On July 6, 2017, Judge Riley entered an order. For purposes of this petition, the pertinent parts of the order provided:

"This case came on to be heard on all pending motions and testimony on June 15, 2017. Present were the [husband] with his attorney, Hon. Virginia Meigs, and [the wife] with her attorney, Hon. Mickey Johnson.
"The Court heard testimony from the child's Guardian Ad Litem, Hon. Jackie Morrette. The Court also took judicial knowledge of all the former pleadings, complaints, counterclaims, and sworn affidavits by the parties, prior orders by the Daily Master, Hon. Sara Senesac, Circuit Judge Patricia Stephens, and the *1086transcript of sworn testimony taken before Hon. Patricia Stephens on September 26, 2016, and received by the Court after the trial along with all other affidavits and motions in the case.
"The case was assigned by the Chief Justice of the Alabama Supreme Court to the undersigned after all Jefferson County judges recused and judges of the surrounding counties recused.
"....
"Both parties have asked for a divorce and both parties show no indication by their actions, pleading or court history of any possible reconciliation after almost three years apart. The parties and child have lived over five years in Jefferson County, Alabama, where the separation took place. Both parties stated in open court that they desired a divorce on June 15, 2017.
"The parties do not have any jointly acquired real estate, but do rent separate residences or apartments. The husband works as an engineer with Harbert Co. and the [wife] has had part-time jobs.
"Both parties seek sole custody of the child to the exclusion of the other having limited visitation rights. ...
"ORDER
"1. The parties are forever divorced from each other based on irreconcilable differences and incompatibility of temperament, and irretrievable breakdown of marriage.
"2. The parties, neither [the husband] nor [the wife], shall marry, except to each other until sixty (60) days after the date of this order.
"3. Until further orders, both parties shall have temporary joint custody of the child ...."
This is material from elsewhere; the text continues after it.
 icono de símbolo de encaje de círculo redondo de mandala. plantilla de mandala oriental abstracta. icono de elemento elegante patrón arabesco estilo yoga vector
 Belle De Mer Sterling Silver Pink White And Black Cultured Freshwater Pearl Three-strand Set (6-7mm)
Among other things, the July 6, 2017, order set out the parent's custodial schedule, appointed an "advocate" for the child, ordered the parents to enroll in a parenting program for divorced parents, ordered that issues involving support for the wife and the child would be continued on a temporary basis until a final order is entered, and ordered that all other issues would be addressed on a future date.

On July 12, 2017, the husband filed what he described as a motion to alter, amend, or vacate the trial court's order, in which he raised multiple issues. On July 24, 2017, the trial court entered another order, amending the July 6 order, that, among other things, ordered that the certificate of divorce be amended to state "incompatibility" instead of "adultery" as the ground for divorce and ordered the husband to pay to the wife "the sums previously ordered" for temporary alimony and child support.
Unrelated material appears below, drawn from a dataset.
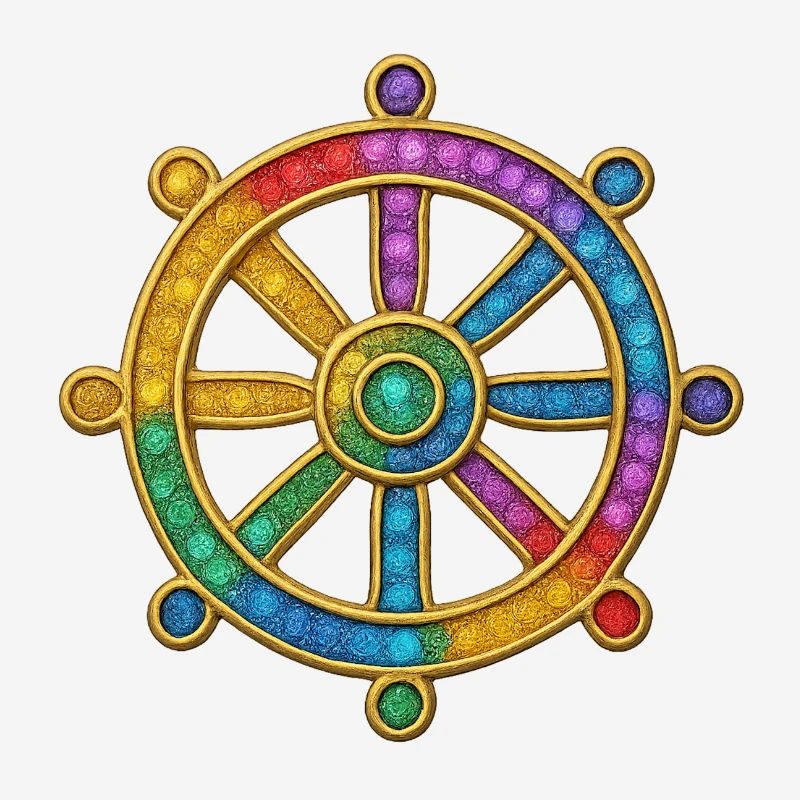 Dharma Roue Bouddhisme Octuple Sentier Glitter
On August 4, 2017, the husband filed a petition for a writ of mandamus in this court seeking to have the trial court's July 6 and July 24, 2017, orders vacated. The petition was filed within the presumptively reasonable time, as required by Rule 21(a)(3), Ala. R. App. P. See Norman v. Norman, 984 So.2d 427, 429 (Ala. Civ. App. 2007) ("The presumptively reasonable time within which to file a petition for a writ of mandamus is the time in which an appeal may be taken.").

We first note that the trial court's July 6 and July 24 orders appear to be interlocutory and not final because claims remain pending. See Sanders v. Sanders, 32 So.3d 597, 599 (Ala. Civ. App. 2009) (explaining that a divorce judgment that "did not fully adjudicate all the present controversies between the parties" was not a final judgment). See also Stocks v. Stocks, 25 So.3d 480, 482 (Ala. Civ. App. 2009) (explaining that a judgment divorcing the parties, but not disposing of the parties' property, was nonfinal); and *1087Sims v. Sims, 38 So.3d 71 (Ala. Civ. App. 2009) (holding that a divorce judgment that did not divide the parties' personal property was not final and appealable).

Despite the use of the term "temporary" regarding the custody of the child, the July 6 order, which was amended by the July 24 order, contemplates the continuation of the litigation and the entry of a final judgment addressing the remaining issues after the completion of discovery and other proceedings, giving it the characteristics of an interlocutory pendente lite order. A pendente lite order "is effective only during the pendency of the litigation in an existing case and is usually replaced by the entry of a final judgment." T.J.H. v. S.N.F., 960 So.2d 669, 672 (Ala. Civ. App. 2006) (citing Hodge v. Steinwinder, 919 So.2d 1179, 1182 (Ala. Civ. App. 2005) ). Because the orders the husband challenges are interlocutory pendente lite orders, a petition for the writ of mandamus is the proper method for seeking appellate review of them. See P.B. v. P.C., 946 So.2d 896, 898-99 (Ala. Civ. App. 2006) ("The proper method of review of pendente lite orders is by a petition for the writ of mandamus.").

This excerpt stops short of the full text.